Freelancers who work in New York City often joke that the operative word in freelance is "free." This is so because they often face long delays getting paid for their work. Not only are they not paid in a timely fashion, it is not uncommon for freelancers and independent contractors to get stiffed. That's the bad news. The good news is that help may be on the way.

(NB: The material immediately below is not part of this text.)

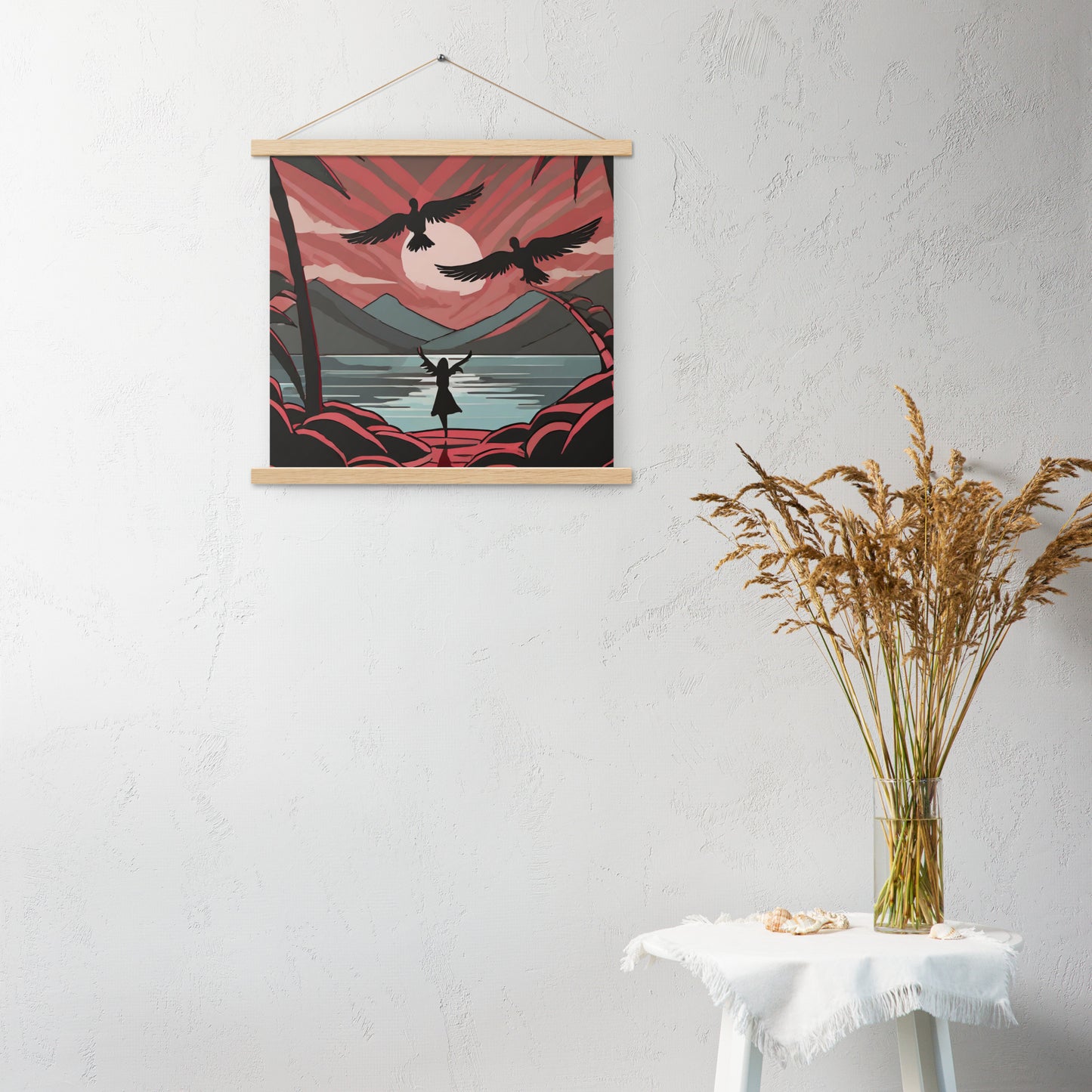 Angel Beach Wooden-Framed Wall Hanging by Seraphim International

Last month, the City Council unanimously approved a measure to protect freelancers from wage theft, the "Freelance Isn't Free Act." The bill requires anyone who hires a freelance worker to provide a written agreement that has a timetable and procedure for payment. In addition, arrangements in which a freelancer will earn at least $800 over a four-month period needs to be memorialized in a written contract that includes:
- The names and addresses of the freelancer and the hiring party
- An itemized accounting of the work to be performed
- The rate of pay and the payment date
If the payment date is not specified, payment is required within 30 days of the completion of the assignment. The measure also prohibits hiring parities from retaliating against freelancers for exercising their rights. While freelancers will have two years from the date of alleged violation to file complaints with the Office of Labor Standards (OLS), courts will have the final say concerning monetary awards.
In this regard, the measure provides penalties for violation of a written contract: $250 in statutory damages, double damages for the underlying value of the contract and attorneys fees. Lastly, the OLS will have the power to take legal action against a repeat offender and impose a penalty of up to $25,000.
Why This Matters
This bill will protect the nearly 4 million freelancers in the New York metropolitan area who often work without a contract. Previously, these claims were typically handled in Small Claims Court, which were often unsuccessful. Now, freelancers will have powerful legal recourse, and attorneys will have more incentive to take these cases. Mayor DeBlasio is expected to sign the measure, and it will become effective 180 days thereafter. In the meantime, freelancers who have been victims of wage theft should speak to an experienced employment law attorney.